Deputy Richard Boyd Barrett: Information on Richard Boyd Barrett Zoom on Richard Boyd Barrett I will be brief. The people the Minister is hitting with this measure will also be affected by cuts to the clothing and footwear allowances, child benefit and the property tax. We are talking about many hundreds of euro being taken from the income of people who are doing a service to the State by looking after their loved ones. To take this action is obnoxious and nauseating. One cannot describe it as fair; it is obscene and indecent. The Minister has claimed consistently she had no alternatives in this regard and had to make hard choices. I find the use of the word "hard" extraordinary. What carers do is hard, in fact "hard" does not even come close to describing what they have to do. They must engage intensely at an emotional, physical, economic and every imaginable level in order to care for their loved ones, thereby providing a service at a massive saving to the State. To do this to them is unconscionable.

The Minister stated there were no alternatives but when alternatives are put to her and to the Government she merely reiterates that headline allowances are being maintained and sings her own praises. Will she answer us directly and simply? Why did she make the choice to do this rather than to increase, even marginally, the tax on those with incomes of more than €100,000 a year? Will she answer that simple question? This point was made by her Labour Party colleagues, and all the groups in civil society mentioned by Deputy Nulty have asked her to do this, but we still have not had a straight answer. Instead of doing this, why would the Minister not increase the PRSI levels for those earning in excess of €100,000 a year? It is a simple choice and is contained in an amendment we tabled. The Minister could do it, and save all this hardship and suffering for people who do not deserve it, those who are the most decent people and the real heroes of our society. Will the Minister not pull back from this and show them the respect they deserve?

Deputy John Halligan: Information on John Halligan Zoom on John Halligan My sister is a carer. She cared for my mother for seven years and has been taking care of my father for eight years. Unfortunately - or fortunately for us - most of my family work and are unable to help her out, but we know she works 24 hours a day because my father needs that level of care. In light of the work she does and the hours she puts in, I have often thought that if she worked anywhere else in the world her work would be classified as slave labour. There would be uproar and understandable outrage that people should work so hard for so little. That is the salient point in this debate. Whatever small amount of money we are taking away, to do so is unforgivable.

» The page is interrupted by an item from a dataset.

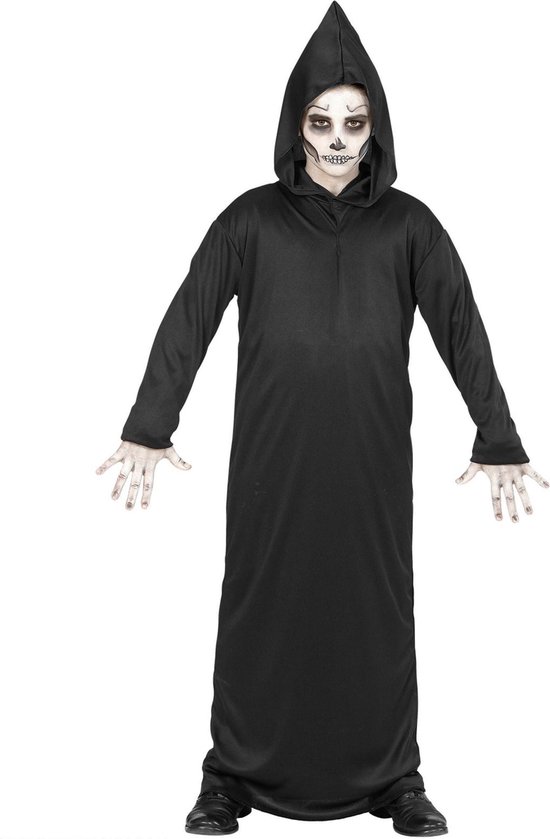WIDMANN - Zwart reaper skelet outfit voor kinderen - 140 (8-10 jaar)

I have spoken to many carers in both Waterford and Dublin. Next week there will be a Private Members' Bill on carers, which we hope the Minister will support. What is deeply upsetting for many carers is not that the Minister has taken the money away but that her Department would sit down and contemplate attacking the most vulnerable and hard-working people in Ireland today. If she speaks to carers, as she must do because all of us have done so, she will see they are deeply upset. I say that rather than "annoyed" because we are all annoyed at things now and again. Carers are deeply upset that members of the Minister's Department would sit down with her and even think about making this cut. As one who sees what a carer does, I make an appeal. I am sure other people present also have carers in their families, but I see what my sister does. She is very small, weighs only about seven stone but I know what she has to do 24 hours a day with my father, and what she had to do for my mother before she died. What upset her was not that the Minister took the money away but that she sat down and thought about doing so.

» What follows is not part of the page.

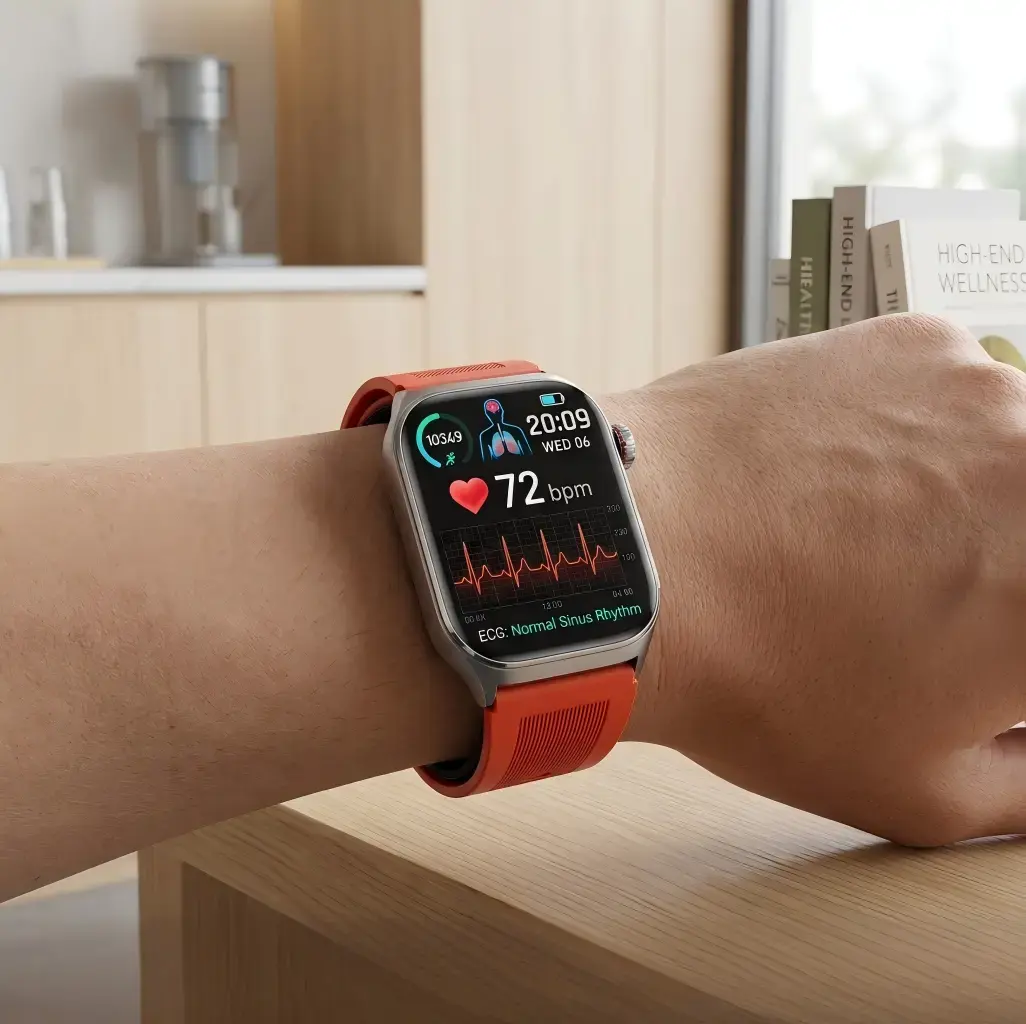 ECG smartwatch recording heart rhythm with medical-grade monitoring ECG smartwatch recording heart rhythm with medical-grade monitoring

I will leave it at that because other people wish to speak. I appeal to the Minister on this, above all the cuts she has made, because it concerns the people who work hardest in society, some of them 24 hours a day. My sister has to get up five or six times every night. I did the work one weekend to give her a break and did not bother going to bed the second night because I had to turn my father in the bed so often, a consequence of the illness he has. Carers do not deserve to have any kind of cut to their grant. In fact they could do with an increase because of the work they do.

Deputy Stephen S. Donnelly: Information on Stephen Donnelly Zoom on Stephen Donnelly I will be brief. To be honest, I cannot understand how we are having this debate, over €26 million. The Minister is an accountant and I imagine she shares my reaction, to a degree. I can give her 100 better ways to raise €26 million. Next year €170 million will be paid in increments; €700 million has been paid in increments during the past four years. I cannot say better than Deputy Nulty's contribution. To have this type of grief and anguish over €26 million - within the scale of this budget - is beyond me.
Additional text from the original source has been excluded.